[What you should do]
Your answer should be the exact lines of the records, starting with the one containing "Floating Shelves for Wall" and running to the end.
*** Opening of Record excerpts ***
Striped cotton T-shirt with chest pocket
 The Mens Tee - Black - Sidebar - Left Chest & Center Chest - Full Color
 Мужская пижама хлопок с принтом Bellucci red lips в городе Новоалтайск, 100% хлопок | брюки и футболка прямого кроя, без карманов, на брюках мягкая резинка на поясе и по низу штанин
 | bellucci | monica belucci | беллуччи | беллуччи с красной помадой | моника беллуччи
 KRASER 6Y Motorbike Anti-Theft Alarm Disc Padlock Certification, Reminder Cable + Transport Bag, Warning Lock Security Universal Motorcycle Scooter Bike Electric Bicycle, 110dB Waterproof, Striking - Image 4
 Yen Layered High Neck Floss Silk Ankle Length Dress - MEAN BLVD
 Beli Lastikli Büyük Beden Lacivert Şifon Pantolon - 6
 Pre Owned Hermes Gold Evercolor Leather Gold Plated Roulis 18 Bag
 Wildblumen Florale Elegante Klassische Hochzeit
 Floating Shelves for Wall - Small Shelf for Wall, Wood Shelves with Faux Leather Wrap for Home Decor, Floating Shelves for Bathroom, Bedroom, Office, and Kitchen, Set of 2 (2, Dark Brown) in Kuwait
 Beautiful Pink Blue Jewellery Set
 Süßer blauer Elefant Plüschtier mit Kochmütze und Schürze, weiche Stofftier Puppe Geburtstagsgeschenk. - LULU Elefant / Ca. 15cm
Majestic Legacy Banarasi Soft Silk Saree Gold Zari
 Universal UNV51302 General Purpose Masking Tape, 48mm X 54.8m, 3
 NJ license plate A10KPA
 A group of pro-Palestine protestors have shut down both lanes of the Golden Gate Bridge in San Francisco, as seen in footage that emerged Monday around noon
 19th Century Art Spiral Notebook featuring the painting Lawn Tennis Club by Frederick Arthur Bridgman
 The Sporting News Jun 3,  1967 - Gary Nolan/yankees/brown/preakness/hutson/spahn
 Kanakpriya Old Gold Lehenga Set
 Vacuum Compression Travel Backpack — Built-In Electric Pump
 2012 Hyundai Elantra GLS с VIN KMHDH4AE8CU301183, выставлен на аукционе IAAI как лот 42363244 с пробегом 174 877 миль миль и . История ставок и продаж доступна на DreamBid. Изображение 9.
*** Close of Record excerpts ***
[Response box]
 Floating Shelves for Wall - Small Shelf for Wall, Wood Shelves with Faux Leather Wrap for Home Decor, Floating Shelves for Bathroom, Bedroom, Office, and Kitchen, Set of 2 (2, Dark Brown) in Kuwait
 Beautiful Pink Blue Jewellery Set
 Süßer blauer Elefant Plüschtier mit Kochmütze und Schürze, weiche Stofftier Puppe Geburtstagsgeschenk. - LULU Elefant / Ca. 15cm
Majestic Legacy Banarasi Soft Silk Saree Gold Zari
 Universal UNV51302 General Purpose Masking Tape, 48mm X 54.8m, 3
 NJ license plate A10KPA
 A group of pro-Palestine protestors have shut down both lanes of the Golden Gate Bridge in San Francisco, as seen in footage that emerged Monday around noon
 19th Century Art Spiral Notebook featuring the painting Lawn Tennis Club by Frederick Arthur Bridgman
 The Sporting News Jun 3,  1967 - Gary Nolan/yankees/brown/preakness/hutson/spahn
 Kanakpriya Old Gold Lehenga Set
 Vacuum Compression Travel Backpack — Built-In Electric Pump
 2012 Hyundai Elantra GLS с VIN KMHDH4AE8CU301183, выставлен на аукционе IAAI как лот 42363244 с пробегом 174 877 миль миль и . История ставок и продаж доступна на DreamBid. Изображение 9.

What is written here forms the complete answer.